- _Exercise instructions_:
From the line containing "Ranking Country RepTrak" to the line containing "APPENDIXHYUNDAI LCD TV58Product" in the entries below, reproduce every line exactly, ends included. Nothing else belongs in the copy, and no pictures.

- _Image-caption web data_:
++++++++++

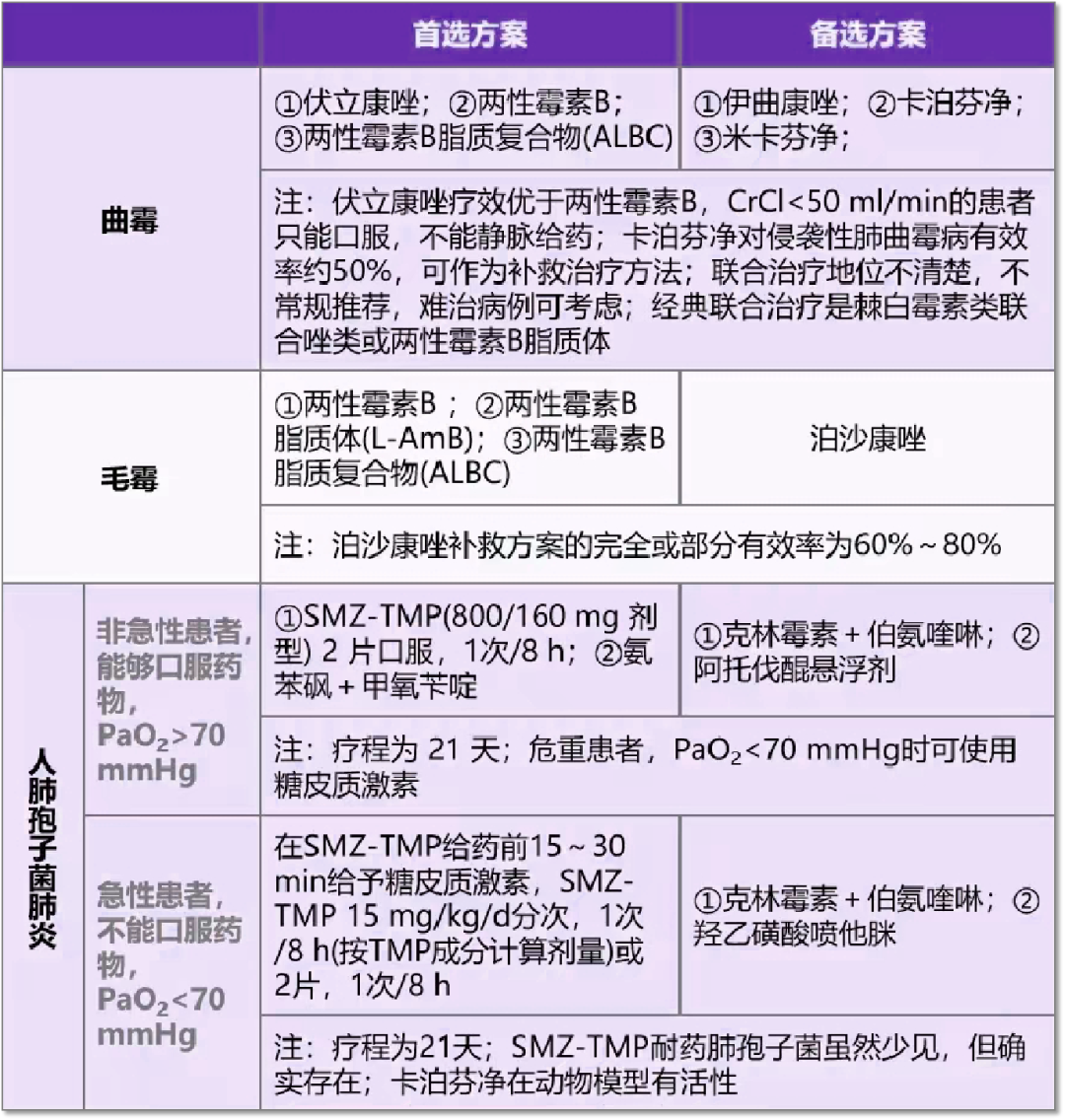 社区获得性肺炎（CAP）24种病原体的首选抗菌药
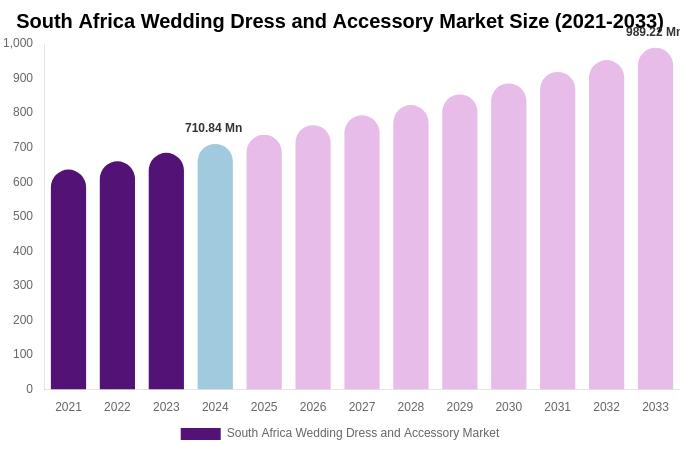 South Africa Wedding Dress and Accessory Market Size, Share & Growth Analysis By [2033]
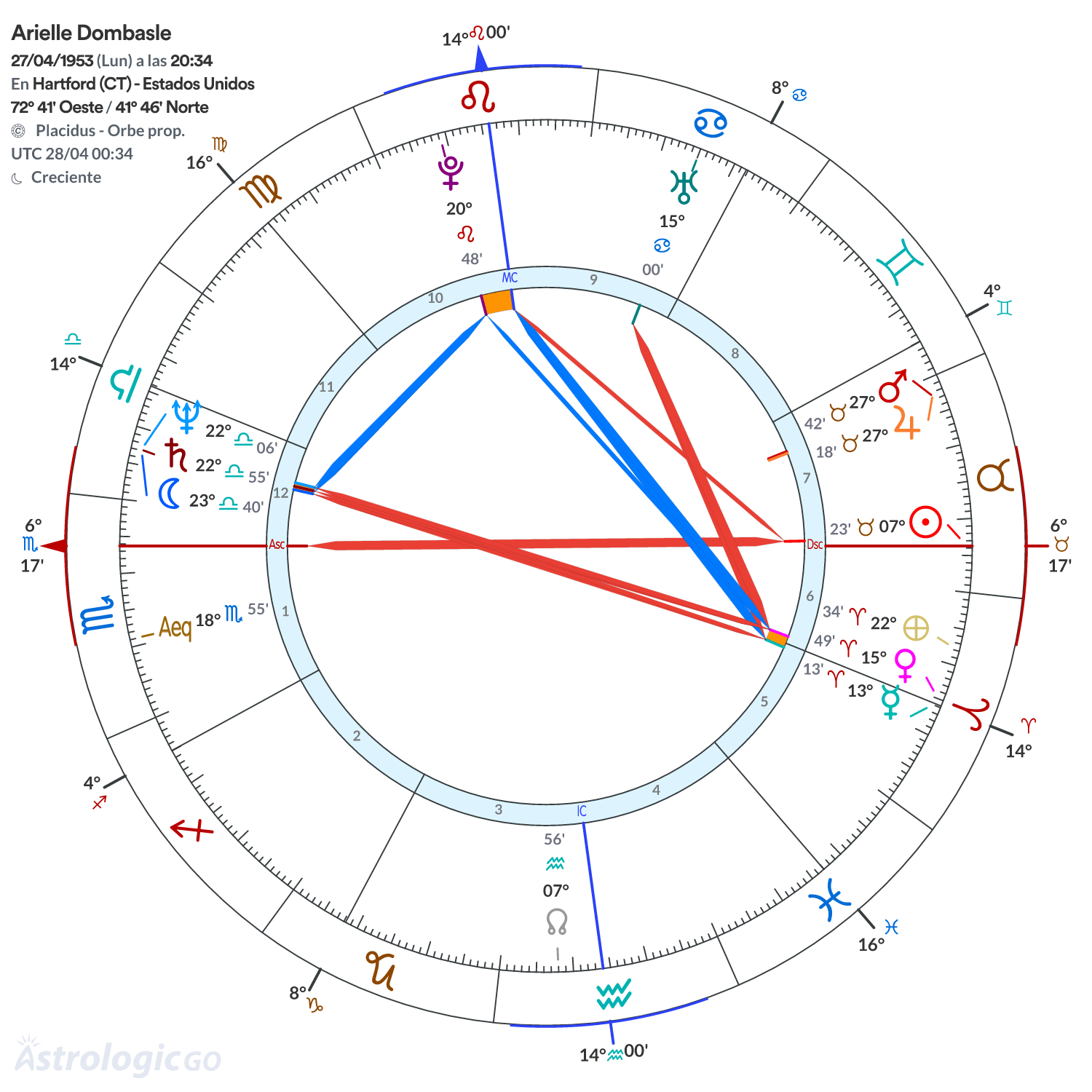 Mandala - Arielle Dombasle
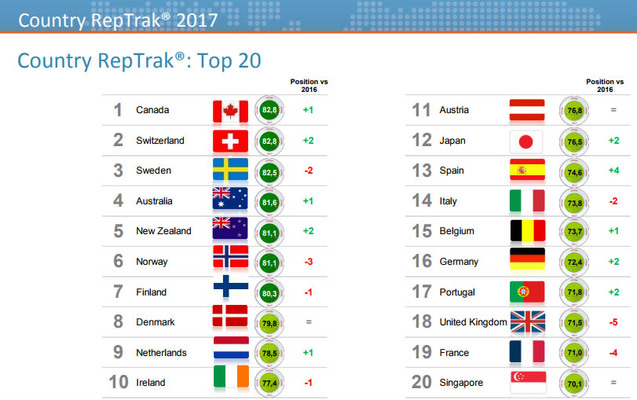 Ranking Country RepTrak Marca Espana Merca2.es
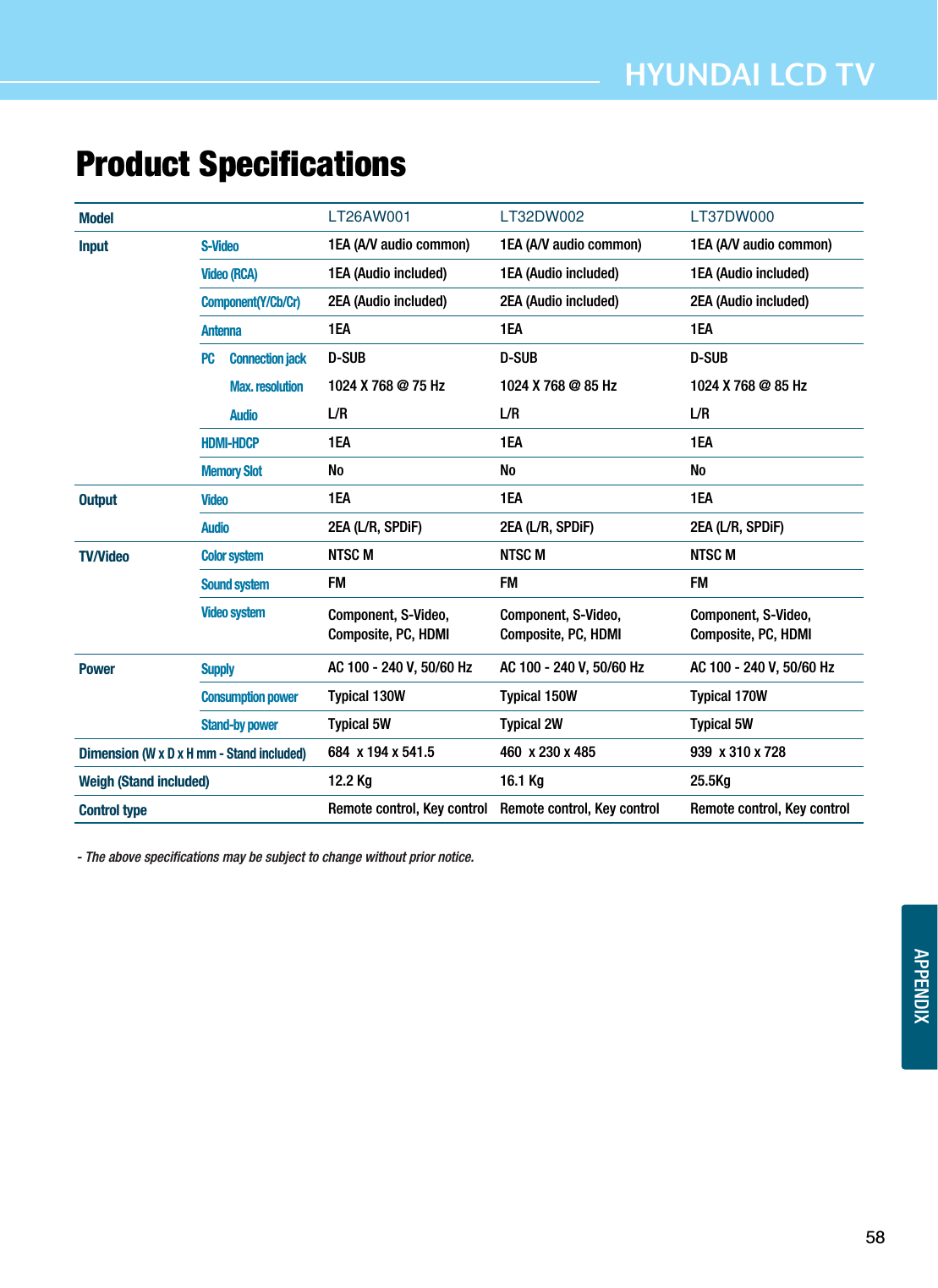 APPENDIXHYUNDAI LCD TV58Product Specifications- The above specifications may be subject to change without prior notice.LT32DW0021EA (A/V audio common)1EA (Audio included) 2EA (Audio included)1EAD-SUB1024 X 768 @ 85 Hz  L/R1EANo1EA2EA (L/R, SPDiF)NTSC MFMComponent, S-Video,Composite, PC, HDMIAC 100 - 240 V, 50/60 Hz Typical 150W Typical 2W460  x 230 x 48516.1 Kg Remote control, Key controlLT37DW0001EA (A/V audio common)1EA (Audio included) 2EA (Audio included)1EAD-SUB1024 X 768 @ 85 Hz  L/R1EANo1EA2EA (L/R, SPDiF)NTSC MFMComponent, S-Video,Composite, PC, HDMIAC 100 - 240 V, 50/60 Hz Typical 170W Typical 5W939  x 310 x 72825.5Kg Remote control, Key controlS-VideoVideo (RCA) Component(Y/Cb/Cr) AntennaPC      Connection jackMax. resolution Audio HDMI-HDCPMemory SlotVideoAudioColor systemSound systemVideo systemSupplyConsumption powerStand-by powerModelInputOutputTV/VideoPowerDimension (W x D x H mm - Stand included) Weigh (Stand included)Control typeLT26AW0011EA (A/V audio common)1EA (Audio included) 2EA (Audio included)1EAD-SUB1024 X 768 @ 75 Hz  L/R1EANo1EA2EA (L/R, SPDiF)NTSC MFMComponent, S-Video,Composite, PC, HDMIAC 100 - 240 V, 50/60 Hz Typical 130W Typical 5W684  x 194 x 541.512.2 Kg Remote control, Key control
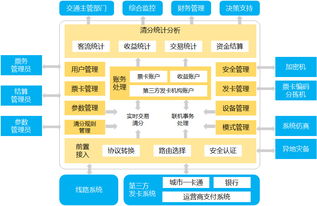 中软国际技术与专业服务 赋能数字化转型的可靠伙伴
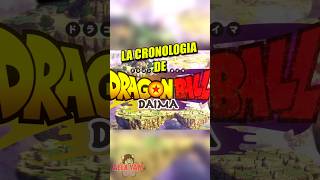 Dragon Ball Daima es CANON Cronología de Dragon Ball Daima  Dragon Ball Daima [upl. by Arimat]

++++++++++

- _Answer to this task_:
 Ranking Country RepTrak Marca Espana Merca2.es
 APPENDIXHYUNDAI LCD TV58Product Specifications- The above specifications may be subject to change without prior notice.LT32DW0021EA (A/V audio common)1EA (Audio included) 2EA (Audio included)1EAD-SUB1024 X 768 @ 85 Hz  L/R1EANo1EA2EA (L/R, SPDiF)NTSC MFMComponent, S-Video,Composite, PC, HDMIAC 100 - 240 V, 50/60 Hz Typical 150W Typical 2W460  x 230 x 48516.1 Kg Remote control, Key controlLT37DW0001EA (A/V audio common)1EA (Audio included) 2EA (Audio included)1EAD-SUB1024 X 768 @ 85 Hz  L/R1EANo1EA2EA (L/R, SPDiF)NTSC MFMComponent, S-Video,Composite, PC, HDMIAC 100 - 240 V, 50/60 Hz Typical 170W Typical 5W939  x 310 x 72825.5Kg Remote control, Key controlS-VideoVideo (RCA) Component(Y/Cb/Cr) AntennaPC      Connection jackMax. resolution Audio HDMI-HDCPMemory SlotVideoAudioColor systemSound systemVideo systemSupplyConsumption powerStand-by powerModelInputOutputTV/VideoPowerDimension (W x D x H mm - Stand included) Weigh (Stand included)Control typeLT26AW0011EA (A/V audio common)1EA (Audio included) 2EA (Audio included)1EAD-SUB1024 X 768 @ 75 Hz  L/R1EANo1EA2EA (L/R, SPDiF)NTSC MFMComponent, S-Video,Composite, PC, HDMIAC 100 - 240 V, 50/60 Hz Typical 130W Typical 5W684  x 194 x 541.512.2 Kg Remote control, Key control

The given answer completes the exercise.